Interactive Surrogate Modelling

In this notebook we: + define a problem consisting of parameters to vary with ranges and an objective function + sample the problem space + define an Evaluator by linking the problem to an EnergyPlus model + run the Evaluator for the samples + train a surrogate model over the samples + explore the design space using an interactive plot that queries the surrogate model

import numpy as np
import pandas as pd
import seaborn as sns
from besos import eppy_funcs as ef, sampling
from besos.evaluator import EvaluatorEP
from besos.parameters import FieldSelector, Parameter, RangeParameter
from besos.problem import EPProblem
from ipywidgets import FloatSlider, interact
from matplotlib import pyplot as plt
from sklearn import linear_model, pipeline
from sklearn.preprocessing import StandardScaler

Parameters and Objectives

We start by defining Parameters that govern how we would like to modify the building. Here they are the solar heat gain coefficient and the lighting power density.

parameters = [
    Parameter(
        FieldSelector(
            object_name="NonRes Fixed Assembly Window",
            field_name="Solar Heat Gain Coefficient",
        ),
        value_descriptor=RangeParameter(0.01, 0.99),
    ),
    Parameter(
        FieldSelector("Lights", "*", "Watts per Zone Floor Area"),
        value_descriptor=RangeParameter(8, 12),
        name="Lights Watts/Area",
    ),
]

/home/user/.local/lib/python3.7/site-packages/besos/parameters.py:425: FutureWarning: Use value_descriptors instead of value_descriptor.
  FutureWarning("Use value_descriptors instead of value_descriptor.")

Now, we specify that we would like to optimize for electricity use of the entire facility. We then bundle all of this information together.
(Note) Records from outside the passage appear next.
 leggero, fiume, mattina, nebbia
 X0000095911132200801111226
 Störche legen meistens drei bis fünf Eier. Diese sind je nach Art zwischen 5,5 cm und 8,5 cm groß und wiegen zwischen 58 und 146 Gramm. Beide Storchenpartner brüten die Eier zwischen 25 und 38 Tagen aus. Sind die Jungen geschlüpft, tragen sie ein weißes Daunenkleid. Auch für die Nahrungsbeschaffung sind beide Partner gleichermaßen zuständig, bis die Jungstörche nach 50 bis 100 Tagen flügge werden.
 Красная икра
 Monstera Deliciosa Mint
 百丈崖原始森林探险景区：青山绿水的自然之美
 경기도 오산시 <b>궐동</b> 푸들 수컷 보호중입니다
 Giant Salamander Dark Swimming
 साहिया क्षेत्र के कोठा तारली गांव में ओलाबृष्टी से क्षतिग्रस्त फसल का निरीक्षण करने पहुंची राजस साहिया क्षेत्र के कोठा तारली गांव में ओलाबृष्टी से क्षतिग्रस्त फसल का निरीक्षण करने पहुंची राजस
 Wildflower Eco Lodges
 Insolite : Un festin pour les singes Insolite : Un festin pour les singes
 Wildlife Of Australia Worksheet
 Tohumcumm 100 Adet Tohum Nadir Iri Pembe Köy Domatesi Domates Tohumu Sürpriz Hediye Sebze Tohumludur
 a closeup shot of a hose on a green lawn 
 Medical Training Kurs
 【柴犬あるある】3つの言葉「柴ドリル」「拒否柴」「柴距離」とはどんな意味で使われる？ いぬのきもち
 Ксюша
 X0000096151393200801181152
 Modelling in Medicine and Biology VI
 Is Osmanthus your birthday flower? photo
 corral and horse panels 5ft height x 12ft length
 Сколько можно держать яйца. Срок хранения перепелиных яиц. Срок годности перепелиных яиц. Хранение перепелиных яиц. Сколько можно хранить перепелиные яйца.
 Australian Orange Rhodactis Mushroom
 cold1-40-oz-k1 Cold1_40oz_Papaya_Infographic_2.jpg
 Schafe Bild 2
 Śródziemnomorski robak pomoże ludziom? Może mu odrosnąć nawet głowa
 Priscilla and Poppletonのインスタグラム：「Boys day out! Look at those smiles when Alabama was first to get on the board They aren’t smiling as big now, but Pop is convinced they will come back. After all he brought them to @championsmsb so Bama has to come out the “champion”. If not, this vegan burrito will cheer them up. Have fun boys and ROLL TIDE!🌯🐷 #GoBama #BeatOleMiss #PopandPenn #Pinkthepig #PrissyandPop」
objectives = ["Electricity:Facility"]

problem = EPProblem(parameters, objectives)

Sampling

We need to generate samples on which to train a surrogate model. The sampler uses Latin Hypercube Sampling to distribute the samples in the design space defined by the Parameters. We can check how well distributed they are using describe().

inputs = sampling.dist_sampler(sampling.lhs, problem, 5)
inputs.describe()  # properties of the sample set

	RangeParameter [0.01, 0.99]	Lights Watts/Area
count	5.000000	5.000000
mean	0.526836	10.015865
std	0.346252	1.455874
min	0.168450	8.067549
25%	0.225623	9.405653
50%	0.486488	9.821539
75%	0.793737	10.900807
max	0.959882	11.883777

Building model

Next we load an EnergyPlus model. The example is a small office, or we could pass in the IDF filename.

building = ef.get_building()

Evaluator

We now define and run the Evaluator, which will run the EnergyPlus instances with the different inputs generated in the previous cell.

evaluator = EvaluatorEP(problem, building)
train = evaluator.df_apply(inputs, keep_input=True)
train.head()  # first 5 lines

HBox(children=(FloatProgress(value=0.0, description='Executing', max=5.0, style=ProgressStyle(description_widt…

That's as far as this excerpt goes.